Il terrore dell’imprevedibilmente grande è tale sia per gli obiettivi che sono colpiti, sia per la natura “enorme” ed improvvisa dell’aggressione. Non esiste possibilità di opporre difese, protezioni, ostacoli. L’azione terroristica coglie all’improvviso, e senza alcuna possibilità di prevenire disastri o mitigare l’aggressione. La vita delle persone non conta più nulla, anzi essa fornisce il grado di intensità dell’atto terroristico, insieme alla mole e all’importanza storica degli oggetti che vengono distrutti.

Il terrore dell’immensamente piccolo: ossia il bioterrorismo.

Anche qui c’è l’incapacità di opporre delle barriere, delle difese, dei rimedi.

Tutto ciò comporta un blocco psichico: uno stupore determinato dal terrore dell’invisibile, di qualcosa che si inserisce in modo subdolo nell’organismo per creare una reazione a catena, una reazione che si spande a macchia d’olio.
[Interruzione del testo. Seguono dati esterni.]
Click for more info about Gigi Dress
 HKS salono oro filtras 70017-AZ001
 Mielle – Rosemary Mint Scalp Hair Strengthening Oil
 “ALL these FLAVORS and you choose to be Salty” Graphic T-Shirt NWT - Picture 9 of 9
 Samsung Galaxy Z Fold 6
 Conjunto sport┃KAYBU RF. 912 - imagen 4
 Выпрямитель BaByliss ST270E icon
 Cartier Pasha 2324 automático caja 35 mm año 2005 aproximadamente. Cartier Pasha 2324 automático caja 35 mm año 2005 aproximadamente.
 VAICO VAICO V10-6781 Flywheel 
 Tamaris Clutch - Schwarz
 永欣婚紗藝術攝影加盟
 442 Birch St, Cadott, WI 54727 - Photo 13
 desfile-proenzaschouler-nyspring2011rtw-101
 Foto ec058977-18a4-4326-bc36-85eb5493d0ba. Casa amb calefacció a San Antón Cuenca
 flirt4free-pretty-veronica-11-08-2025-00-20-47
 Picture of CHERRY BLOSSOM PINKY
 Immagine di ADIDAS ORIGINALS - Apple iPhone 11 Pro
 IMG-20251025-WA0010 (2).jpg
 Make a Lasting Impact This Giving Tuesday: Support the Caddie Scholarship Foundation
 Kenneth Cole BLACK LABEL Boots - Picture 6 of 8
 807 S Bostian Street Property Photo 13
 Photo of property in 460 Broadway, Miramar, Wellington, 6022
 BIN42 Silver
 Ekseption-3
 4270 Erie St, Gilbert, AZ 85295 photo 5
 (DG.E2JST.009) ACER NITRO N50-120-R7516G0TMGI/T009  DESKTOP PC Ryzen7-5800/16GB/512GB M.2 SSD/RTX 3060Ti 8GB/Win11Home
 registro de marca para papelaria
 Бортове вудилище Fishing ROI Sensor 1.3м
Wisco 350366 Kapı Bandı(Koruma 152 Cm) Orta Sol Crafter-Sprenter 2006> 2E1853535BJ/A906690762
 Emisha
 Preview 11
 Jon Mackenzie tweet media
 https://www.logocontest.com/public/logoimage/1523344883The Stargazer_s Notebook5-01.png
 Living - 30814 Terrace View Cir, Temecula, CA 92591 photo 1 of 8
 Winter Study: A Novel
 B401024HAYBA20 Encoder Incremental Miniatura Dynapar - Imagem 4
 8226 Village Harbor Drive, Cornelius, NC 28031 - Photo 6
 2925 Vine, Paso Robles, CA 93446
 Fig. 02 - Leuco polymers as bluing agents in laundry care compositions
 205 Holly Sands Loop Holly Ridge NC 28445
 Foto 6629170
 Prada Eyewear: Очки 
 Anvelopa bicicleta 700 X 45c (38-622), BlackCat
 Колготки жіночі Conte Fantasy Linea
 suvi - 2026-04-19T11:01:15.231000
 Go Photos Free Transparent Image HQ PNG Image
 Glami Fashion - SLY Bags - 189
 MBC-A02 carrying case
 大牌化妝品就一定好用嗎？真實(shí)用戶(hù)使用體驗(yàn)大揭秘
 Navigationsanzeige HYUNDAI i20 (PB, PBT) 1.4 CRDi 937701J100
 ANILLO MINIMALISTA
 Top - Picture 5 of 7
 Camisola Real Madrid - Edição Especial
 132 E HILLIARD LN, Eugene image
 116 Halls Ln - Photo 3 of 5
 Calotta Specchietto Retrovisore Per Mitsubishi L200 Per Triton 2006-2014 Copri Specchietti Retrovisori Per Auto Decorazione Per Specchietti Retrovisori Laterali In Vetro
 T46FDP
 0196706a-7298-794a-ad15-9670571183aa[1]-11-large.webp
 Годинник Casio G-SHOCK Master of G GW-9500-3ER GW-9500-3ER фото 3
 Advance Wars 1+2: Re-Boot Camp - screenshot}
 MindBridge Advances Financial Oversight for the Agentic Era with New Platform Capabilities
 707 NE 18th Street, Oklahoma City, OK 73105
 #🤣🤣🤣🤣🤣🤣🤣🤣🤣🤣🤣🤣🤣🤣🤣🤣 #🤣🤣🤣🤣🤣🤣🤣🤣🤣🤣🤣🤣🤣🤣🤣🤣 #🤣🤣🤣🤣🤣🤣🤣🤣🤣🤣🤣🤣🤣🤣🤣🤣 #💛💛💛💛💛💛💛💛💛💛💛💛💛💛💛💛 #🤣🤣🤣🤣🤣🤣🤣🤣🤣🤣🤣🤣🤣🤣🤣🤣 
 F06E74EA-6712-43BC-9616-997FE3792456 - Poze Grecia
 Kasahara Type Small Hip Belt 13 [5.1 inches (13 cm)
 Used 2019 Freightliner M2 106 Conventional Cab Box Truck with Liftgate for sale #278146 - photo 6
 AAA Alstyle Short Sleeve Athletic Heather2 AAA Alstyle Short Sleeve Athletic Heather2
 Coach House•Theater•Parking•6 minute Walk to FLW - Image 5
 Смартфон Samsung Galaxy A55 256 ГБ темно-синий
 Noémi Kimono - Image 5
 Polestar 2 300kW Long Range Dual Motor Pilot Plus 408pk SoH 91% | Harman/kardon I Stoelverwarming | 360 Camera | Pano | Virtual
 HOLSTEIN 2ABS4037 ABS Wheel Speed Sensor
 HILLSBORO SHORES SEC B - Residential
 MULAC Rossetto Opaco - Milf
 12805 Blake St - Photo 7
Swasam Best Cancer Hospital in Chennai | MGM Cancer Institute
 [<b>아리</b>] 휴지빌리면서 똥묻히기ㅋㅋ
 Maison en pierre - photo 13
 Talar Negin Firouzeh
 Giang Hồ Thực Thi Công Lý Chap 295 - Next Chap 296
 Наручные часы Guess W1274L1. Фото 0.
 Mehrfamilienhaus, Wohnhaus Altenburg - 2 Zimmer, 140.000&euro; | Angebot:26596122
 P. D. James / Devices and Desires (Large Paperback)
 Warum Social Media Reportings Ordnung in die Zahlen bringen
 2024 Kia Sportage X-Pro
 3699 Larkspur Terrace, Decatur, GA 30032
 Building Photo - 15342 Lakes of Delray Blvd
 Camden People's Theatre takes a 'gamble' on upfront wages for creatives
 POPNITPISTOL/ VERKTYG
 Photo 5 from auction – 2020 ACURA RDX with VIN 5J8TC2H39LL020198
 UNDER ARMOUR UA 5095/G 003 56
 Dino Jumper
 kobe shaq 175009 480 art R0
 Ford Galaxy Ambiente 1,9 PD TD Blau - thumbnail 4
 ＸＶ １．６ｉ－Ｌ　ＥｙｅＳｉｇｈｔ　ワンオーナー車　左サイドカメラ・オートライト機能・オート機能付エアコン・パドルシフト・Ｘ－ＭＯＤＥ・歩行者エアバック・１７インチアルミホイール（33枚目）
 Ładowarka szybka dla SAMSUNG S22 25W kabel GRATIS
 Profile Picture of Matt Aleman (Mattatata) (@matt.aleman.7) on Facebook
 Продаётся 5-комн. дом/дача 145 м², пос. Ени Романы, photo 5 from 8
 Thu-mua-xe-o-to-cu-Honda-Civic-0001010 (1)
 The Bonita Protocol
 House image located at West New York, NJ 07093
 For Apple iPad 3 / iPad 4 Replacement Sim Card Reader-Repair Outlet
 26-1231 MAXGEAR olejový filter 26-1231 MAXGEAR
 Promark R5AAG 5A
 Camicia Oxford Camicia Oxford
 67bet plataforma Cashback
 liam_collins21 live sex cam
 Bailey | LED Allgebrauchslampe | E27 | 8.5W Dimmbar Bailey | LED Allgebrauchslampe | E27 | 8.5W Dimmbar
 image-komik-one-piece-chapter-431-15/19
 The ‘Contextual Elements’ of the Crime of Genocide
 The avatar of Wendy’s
Va ricordata la ruggine verde, che in famoso libro giallo corrodeva, divorava e distruggeva tutti i vegetali, lasciando la terra completamente spoglia e glabra. Tutto ciò creava un’atmosfera allucinante ed agghiacciante. Pensiamo quando un’altra ruggine sarà diretta alla distruzione di una gran parte del genere umano.

Lo sentiamo vicino il terrorismo, oppure ne sentiamo solo gli echi, lasciandoci spaventare per poco tempo e ignorando poi il tutto, e rimuovendo ogni sentimento di angoscia e cercando di allontanarlo da noi?

In fondo, sono gli altri che combattono con il terrorismo.

In verità, sentiamo molto forte il senso di partecipazione sia per chi subisce gli eventi terroristici, sia per chi subisce una guerra violenta, distruttiva e sanguinosa. Ma il senso di partecipazione, pur sincera e condivisa, è spesso di tipo esorcizzante.

Continuiamo a vivere in una specie di allarmata diffidenza, ma anche di indifferenza, anche se gli scritti, questo compreso, le espressioni di condanna, le manifestazioni di solidarietà sono molto forti ed estese a tante nazioni, razze ed etnie.

Ma le devastazioni sono lontane. E il terrore vero non ha ancora varcato i confini psicologici del nostro IO, forse perché ancora non è stata messa a repentaglio la nostra incolumità fisica.

In conclusione, si può affermare che il terrorismo nasce dall’incapacità di opporsi violentemente contro i propri avversari ad armi pari, per cui, se si ricorre alla strage, l’attacco diventa proditorio, improvviso e spregevole nella logica collettiva.